▶ _WORK TO BE COMPLETED_
Word for word, restate the lines from the one holding "Mama and Mama's" through the last line of the material below, and leave every picture out.

▶ _RECORDED INFORMATION_
::::

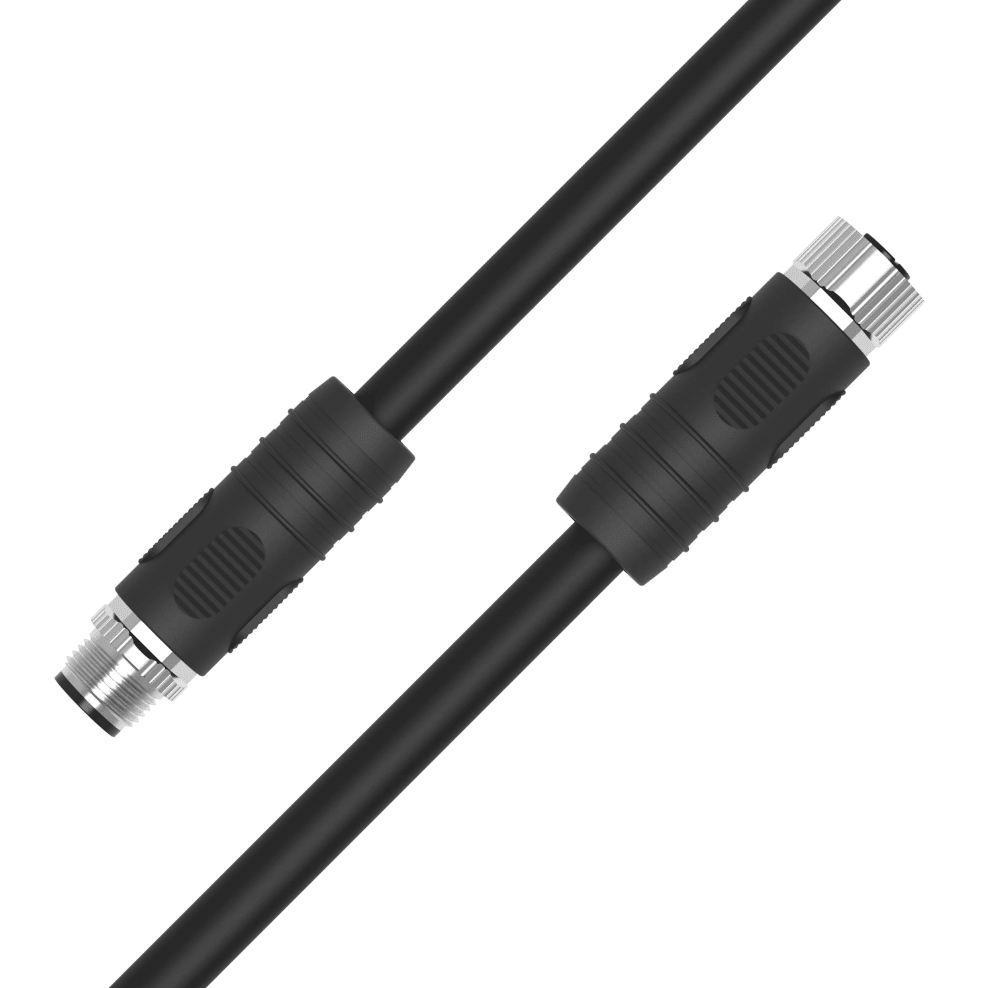 M12 L-coded male to female 4-pin 16AWG PUR power cable assembly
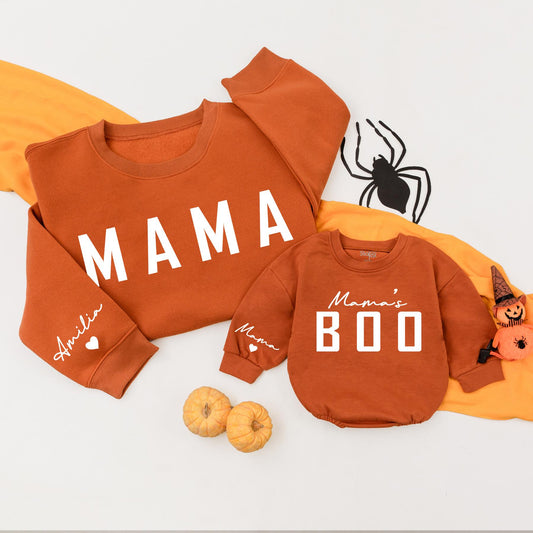 Mama and Mama's Boo Matching Fall Sweatshirt & Baby Girl Pumpkin Romper Cozy Family Autumn Outfits Baby Shower Gift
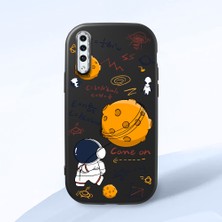 HONTINGA Samsung Galaxy A30S ile Uyumlu Kılıfı Kamera Korumalı Düşüme Önleyici Basitlik Siyah Yumuşak Silikon Telefon Kılıfı Astronot Desenli K4-0033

::::

▶ _ANSWER BELOW_
 Mama and Mama's Boo Matching Fall Sweatshirt & Baby Girl Pumpkin Romper Cozy Family Autumn Outfits Baby Shower Gift
 HONTINGA Samsung Galaxy A30S ile Uyumlu Kılıfı Kamera Korumalı Düşüme Önleyici Basitlik Siyah Yumuşak Silikon Telefon Kılıfı Astronot Desenli K4-0033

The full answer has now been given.